Scientists who research natural hazards walk a precarious line when it comes to predicting disasters. They’re often criticized for over-hyping the situation and disrupting residents’ lives. But if they fail to predict a catastrophic event, they’re accused of failing to give the public adequate warning. It’s a classic case of “damned if you do, damned if you don’t.”
“Damned if you don’t” is the situation that seven of Italy’s top seismologists now find themselves in — the scientists face manslaughter charges for failing to predict the April 2009 earthquake that struck the town of L’Aquila in central Italy.
In late March 2009, tremors were recorded in the surrounding region, resulting in a magnitude-4.0 earthquake on March 30. The following day, the seven seismologists were in L’Aquila attending a meeting of the Major Risks Committee, a group that advises Italy’s Civil Protection Agency on natural hazards risks. At a press conference following the quake, committee member Bernardo di Bernardinis told reporters, “the scientific community tells us there is no danger, because there is an ongoing discharge of energy. The situation looks favorable.” But on April 6, a magnitude-6.3 quake struck, killing more than 300 people and leaving about 65,000 homeless.

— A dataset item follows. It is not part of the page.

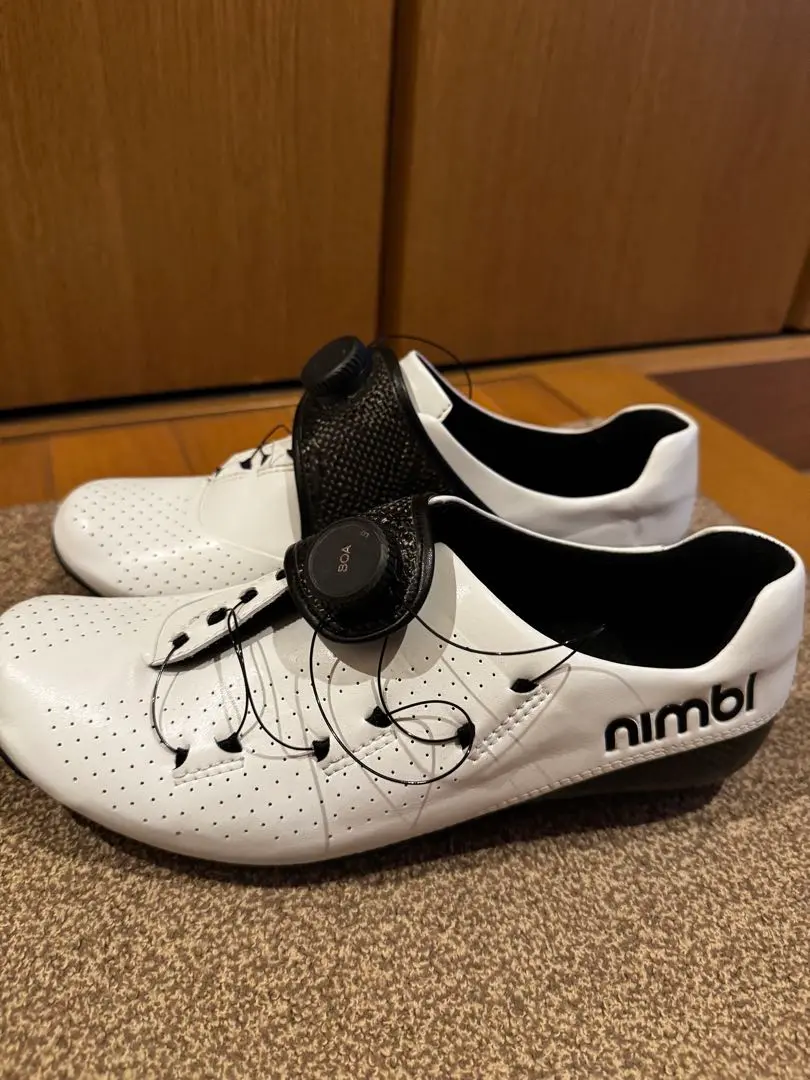 ニンバル　nimbl サイクリングシューズ ホワイト レザー Nimbl Ultimate Glide White/Silver サイクリングシューズ | 高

Local citizens claimed they had been planning to leave their homes after the smaller quake, but had changed their minds after the committee’s comments. In August 2009, the citizens filed a formal request for investigation, and earlier this month the chief prosecutor stated that his office had enough information to indict the individuals named in the case.
Nearly 4,000 researchers around the world have come to the seismologists’ defense, signing a letter to Italy’s president, Giorgio Napolitano, urging him to compel decision makers to focus on hazards mitigation and earthquake preparedness rather than holding scientists responsible for doing something that is not yet possible. Despite extensive research efforts by seismologists in recent decades, earthquakes cannot yet be accurately predicted to occur on a specific day, or even in a specific month.